Pursuant to Federal Rule of Civil Procedure 15(a), a plaintiff may amend his complaint once as a matter of course within specified time limits. Fed. R. Civ. P. 15(a)(1). "In all other cases, a party may amend its pleading only with the opposing party's written consent or the court's leave. The court should freely give leave when justice so requires." Fed. R. Civ. P. 15 (a)(2).

While courts exercise broad discretion in deciding whether to allow amendment, they have generally adopted a liberal policy. See U.S. for Benefit & Use of Ehmcke Sheet Metal Works v. Wausau Ins. Cos., 755 F. Supp. 906, 908 (E.D. Cal. 1991) (citing Jordan v. Cty. of L.A., 669 F.2d 1311, 1324 (9th Cir.), rev'd on other grounds, 459 U.S. 810 (1982)).
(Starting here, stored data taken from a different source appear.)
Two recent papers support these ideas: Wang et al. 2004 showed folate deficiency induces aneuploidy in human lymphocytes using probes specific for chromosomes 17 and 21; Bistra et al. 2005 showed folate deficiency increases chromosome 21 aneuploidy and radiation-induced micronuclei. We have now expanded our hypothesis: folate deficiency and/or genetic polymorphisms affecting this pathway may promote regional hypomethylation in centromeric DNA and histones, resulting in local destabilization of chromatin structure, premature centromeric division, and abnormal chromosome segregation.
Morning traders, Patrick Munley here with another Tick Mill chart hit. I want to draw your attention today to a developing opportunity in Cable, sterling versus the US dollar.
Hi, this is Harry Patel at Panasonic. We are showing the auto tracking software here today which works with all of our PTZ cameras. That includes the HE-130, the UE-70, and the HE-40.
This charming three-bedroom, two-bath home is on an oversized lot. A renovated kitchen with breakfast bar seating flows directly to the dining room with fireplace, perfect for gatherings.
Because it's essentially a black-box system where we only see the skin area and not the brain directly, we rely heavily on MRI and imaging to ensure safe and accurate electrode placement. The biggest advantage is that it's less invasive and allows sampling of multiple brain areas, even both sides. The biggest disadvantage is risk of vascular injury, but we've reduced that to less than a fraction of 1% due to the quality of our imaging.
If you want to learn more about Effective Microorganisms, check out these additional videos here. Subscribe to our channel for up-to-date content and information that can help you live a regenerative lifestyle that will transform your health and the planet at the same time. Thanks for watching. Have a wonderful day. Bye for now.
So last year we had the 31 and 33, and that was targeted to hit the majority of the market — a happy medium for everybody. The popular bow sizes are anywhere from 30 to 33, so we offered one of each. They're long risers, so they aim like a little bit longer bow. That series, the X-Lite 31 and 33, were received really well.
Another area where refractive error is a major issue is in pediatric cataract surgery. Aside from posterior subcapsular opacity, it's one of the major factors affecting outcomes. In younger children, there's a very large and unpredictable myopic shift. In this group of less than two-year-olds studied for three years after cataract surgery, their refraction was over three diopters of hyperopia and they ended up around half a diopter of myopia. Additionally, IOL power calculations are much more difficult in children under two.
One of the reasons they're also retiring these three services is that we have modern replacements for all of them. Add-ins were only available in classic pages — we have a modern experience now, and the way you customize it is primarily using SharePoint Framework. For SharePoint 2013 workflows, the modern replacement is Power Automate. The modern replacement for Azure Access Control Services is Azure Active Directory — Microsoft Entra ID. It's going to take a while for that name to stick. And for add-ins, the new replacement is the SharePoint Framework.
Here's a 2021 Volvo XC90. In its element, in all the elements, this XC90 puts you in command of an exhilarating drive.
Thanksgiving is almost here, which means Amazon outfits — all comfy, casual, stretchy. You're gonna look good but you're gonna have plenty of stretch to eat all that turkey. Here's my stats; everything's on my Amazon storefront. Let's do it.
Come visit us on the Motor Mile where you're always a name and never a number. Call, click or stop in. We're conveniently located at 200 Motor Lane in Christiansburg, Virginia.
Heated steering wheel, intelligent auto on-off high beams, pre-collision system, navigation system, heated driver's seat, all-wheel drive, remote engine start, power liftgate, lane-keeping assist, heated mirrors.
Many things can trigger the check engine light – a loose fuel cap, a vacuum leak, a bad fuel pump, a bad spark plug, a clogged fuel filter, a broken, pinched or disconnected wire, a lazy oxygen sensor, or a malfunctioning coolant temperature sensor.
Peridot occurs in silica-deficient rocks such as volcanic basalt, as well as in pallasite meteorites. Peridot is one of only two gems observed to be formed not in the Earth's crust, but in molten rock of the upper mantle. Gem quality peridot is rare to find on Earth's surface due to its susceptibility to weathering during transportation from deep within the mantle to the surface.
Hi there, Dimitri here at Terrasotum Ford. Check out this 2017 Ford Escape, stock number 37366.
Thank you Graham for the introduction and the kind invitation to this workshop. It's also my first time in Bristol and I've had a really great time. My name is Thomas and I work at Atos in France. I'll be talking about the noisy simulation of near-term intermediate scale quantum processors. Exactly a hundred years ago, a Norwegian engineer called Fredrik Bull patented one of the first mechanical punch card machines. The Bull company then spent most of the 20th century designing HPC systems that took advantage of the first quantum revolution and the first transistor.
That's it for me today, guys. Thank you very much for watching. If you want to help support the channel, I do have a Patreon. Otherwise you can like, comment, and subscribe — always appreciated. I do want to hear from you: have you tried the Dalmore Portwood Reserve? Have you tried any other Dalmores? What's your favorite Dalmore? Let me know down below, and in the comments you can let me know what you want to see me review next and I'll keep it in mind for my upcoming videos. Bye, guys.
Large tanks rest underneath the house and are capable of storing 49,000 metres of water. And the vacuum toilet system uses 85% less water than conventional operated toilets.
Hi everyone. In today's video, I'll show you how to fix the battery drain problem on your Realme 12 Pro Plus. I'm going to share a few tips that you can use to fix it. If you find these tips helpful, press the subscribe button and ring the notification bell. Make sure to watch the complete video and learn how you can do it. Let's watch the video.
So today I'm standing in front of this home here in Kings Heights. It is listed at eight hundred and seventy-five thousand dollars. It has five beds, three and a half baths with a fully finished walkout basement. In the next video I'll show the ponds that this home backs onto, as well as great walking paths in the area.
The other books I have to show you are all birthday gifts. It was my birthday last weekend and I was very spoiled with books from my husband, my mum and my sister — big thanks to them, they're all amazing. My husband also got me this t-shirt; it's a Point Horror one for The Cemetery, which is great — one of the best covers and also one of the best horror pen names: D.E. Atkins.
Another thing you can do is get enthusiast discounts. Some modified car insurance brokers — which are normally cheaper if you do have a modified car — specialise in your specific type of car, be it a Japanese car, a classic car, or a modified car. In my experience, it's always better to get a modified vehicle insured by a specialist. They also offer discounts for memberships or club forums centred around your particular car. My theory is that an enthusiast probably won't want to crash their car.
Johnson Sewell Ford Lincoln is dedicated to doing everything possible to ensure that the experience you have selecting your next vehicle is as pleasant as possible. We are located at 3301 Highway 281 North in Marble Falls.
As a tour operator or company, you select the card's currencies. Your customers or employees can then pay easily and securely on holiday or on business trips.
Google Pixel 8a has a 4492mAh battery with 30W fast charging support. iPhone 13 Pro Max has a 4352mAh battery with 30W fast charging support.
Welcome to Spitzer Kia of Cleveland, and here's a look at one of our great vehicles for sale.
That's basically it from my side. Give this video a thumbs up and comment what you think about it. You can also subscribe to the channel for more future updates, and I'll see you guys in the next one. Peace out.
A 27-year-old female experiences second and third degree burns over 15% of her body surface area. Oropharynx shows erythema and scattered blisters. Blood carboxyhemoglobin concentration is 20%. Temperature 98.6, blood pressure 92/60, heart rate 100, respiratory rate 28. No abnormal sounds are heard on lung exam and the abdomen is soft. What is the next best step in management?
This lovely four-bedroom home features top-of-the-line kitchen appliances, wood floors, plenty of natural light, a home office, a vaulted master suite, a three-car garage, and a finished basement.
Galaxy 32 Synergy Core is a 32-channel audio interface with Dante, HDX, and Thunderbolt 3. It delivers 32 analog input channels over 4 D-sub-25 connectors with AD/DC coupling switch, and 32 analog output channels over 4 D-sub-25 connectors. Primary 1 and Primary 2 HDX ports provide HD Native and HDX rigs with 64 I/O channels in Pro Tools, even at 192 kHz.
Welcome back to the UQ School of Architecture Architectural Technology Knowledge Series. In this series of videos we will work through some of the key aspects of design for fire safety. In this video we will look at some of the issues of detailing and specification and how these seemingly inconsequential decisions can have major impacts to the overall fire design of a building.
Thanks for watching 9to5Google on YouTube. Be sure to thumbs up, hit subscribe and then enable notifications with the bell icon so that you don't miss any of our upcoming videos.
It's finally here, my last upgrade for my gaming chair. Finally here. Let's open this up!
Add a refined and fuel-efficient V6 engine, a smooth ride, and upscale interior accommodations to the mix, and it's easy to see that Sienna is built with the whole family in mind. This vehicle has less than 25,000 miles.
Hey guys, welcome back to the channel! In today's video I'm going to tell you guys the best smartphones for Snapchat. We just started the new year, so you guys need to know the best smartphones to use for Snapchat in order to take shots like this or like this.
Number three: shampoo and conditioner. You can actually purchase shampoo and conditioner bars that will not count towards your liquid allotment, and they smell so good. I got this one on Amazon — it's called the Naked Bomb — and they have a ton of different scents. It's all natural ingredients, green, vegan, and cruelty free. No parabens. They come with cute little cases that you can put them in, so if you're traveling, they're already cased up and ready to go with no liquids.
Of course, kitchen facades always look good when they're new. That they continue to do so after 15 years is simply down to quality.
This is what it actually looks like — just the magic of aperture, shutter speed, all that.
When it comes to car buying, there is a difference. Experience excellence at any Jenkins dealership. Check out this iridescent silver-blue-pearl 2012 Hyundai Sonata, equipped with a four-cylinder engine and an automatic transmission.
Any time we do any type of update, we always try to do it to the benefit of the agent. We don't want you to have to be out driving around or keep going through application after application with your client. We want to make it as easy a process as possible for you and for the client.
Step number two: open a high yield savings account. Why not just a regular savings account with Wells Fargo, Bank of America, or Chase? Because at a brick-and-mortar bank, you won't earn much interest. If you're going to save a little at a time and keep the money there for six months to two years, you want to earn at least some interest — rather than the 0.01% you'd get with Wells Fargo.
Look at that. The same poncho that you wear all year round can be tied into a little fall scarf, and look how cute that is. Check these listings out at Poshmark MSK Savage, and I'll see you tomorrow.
Accordingly, leave is generally granted unless the court harbors concerns "such as undue delay, bad faith or dilatory motive on the part of the movant, repeated failure to cure deficiencies by amendments previously allowed, undue prejudice to the opposing party by virtue of allowance of the amendment, futility of the amendment, etc." Foman v. Davis, 371 U.S. 178, 182 (1962).

ANALYSIS

Plaintiffs seek to amend their Complaint to add the New LPs; Fiorentino Holdings, LLC; Mr. Barmazel; and the Premier Entities as Defendants in this case. Mot. at 5. Plaintiffs allege that without their addition in this case, the responsible parties will avoid liability and "set a precedent which would make litigation fruitless." Id. at 17. Because Plaintiffs seek to amend their Complaint after the scheduling order deadline to amend pleadings, see id. at 15, Plaintiffs must meet both the Rule 16 standard to amend the scheduling order, as well as the Rule 15 standard to amend pleadings.

I. Rule 16

To amend a pleading after a scheduling order deadline, the party seeking amendment must first satisfy the Rule 16(b) "good cause" standard to amend the scheduling order. See Johnson, 975 F.2d at 609. Rule 16's good cause standard primarily considers the due diligence of the party seeking to amend. Id. Pretrial scheduling orders can only be amended where the orders could not "reasonably [have been] met despite the diligence of the party seeking the extension." Id.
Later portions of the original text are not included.